Ein berührendes Erlebnis war der Gottesdienst am Heiligen Abend, den wir im Restaurant unseres Hotels in Priština gefeiert haben. Hier hatte der albanische Hotelchef alles daran gesetzt, uns am Heiligen Abend perfekte Rahmenbedingungen für einen stimmungsvollen Weihnachtsgottesdienst zu bieten: vom Kaminzimmer, einem blinkendem Weihnachtsbaum neben dem Altar über Blumenschmuck und Kerzen bis hin zum Buffet war alles vorhanden. Hilfsbereitschaft und Gastfreundschaft werden groß geschrieben, ganz gleich, welchem Glauben man angehört.
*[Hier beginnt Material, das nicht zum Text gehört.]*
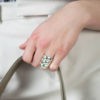 Bague empilable trio Boulle en argent massif 925 de la maison Dàvila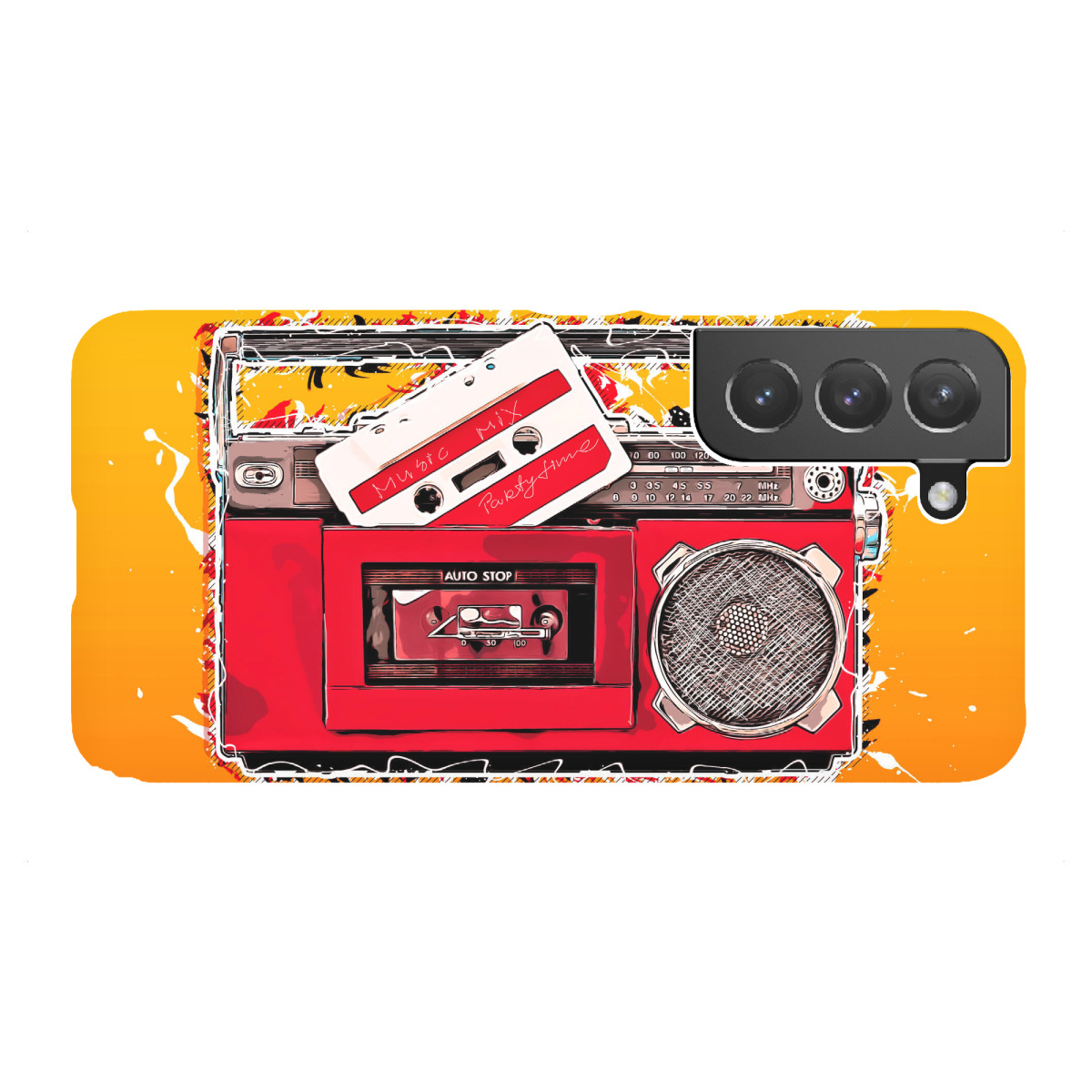 Samsung Galaxy "Music tape retro art" Premium-Case Handyhülle artboxONE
Und so wurde der ökumenischen Heiligabendgottesdienst zu einem ganz besonderen interkulturellen Erlebnis. Die kleine Weihnachtsgemeinde, bestehend aus 35 Missionsteilnehmenden, vier Kindern und zwei Geistlichen sitzt in den Restaurantsesseln, lauscht Kirchenglocken und Orgelmusik vom Band, singt und betet, während der Muezzin draußen ebenfalls zum Gebet ruft.

Das Thema der Weihnachtspredigt war – natürlich – Gottes Kind in der Krippe, das in alles andere als friedliche Verhältnisse hinein geboren wird und doch allen Menschen Frieden auf Erden verheißt. Hans-Dieter Hein hatte ein Friedenslicht mitgebracht, das während des Gottesdienstes leuchtete. Am Ende des Gottesdienstes übergab er das Licht an Harald Ziaja, der es stellvertretend für die Missionsteilnehmenden entgegennahm.

Beim anschließenden Essen ergab sich die Gelegenheit zum Gespräch. Seit einiger Zeit habe sich die Sicherheitslage wieder verschärft, erzählt eine Polizistin, die bereits zum zweiten Mal an einer Auslandsmission im Kosovo teilnimmt. Ein Jahr lang wird sie, wie alle zum deutschen Kontingent gehörenden Kolleginnen und Kollegen, im Kosovo eingesetzt sein. Während zuhause „hoffentlich alles in geordneten Bahnen“ läuft, wohnt sie zusammen mit einer Kollegin in einem Appartement in Mitrovica. Ab und zu müssen die beiden ohne Wasser oder Strom – und damit auch ohne Heizung auskommen. „Aber auch das lässt sich irgendwie überbrücken“, meint sie. Mit dem gemeinsamen Essen am Heiligen Abend ist das Weihnachtsfest im Kosovo vorbei. Morgen wird wieder ein ganz normaler Tag sein und die Polizistin wird wieder im Dienst sein in Mitrovica, der Stadt mit der Brücke.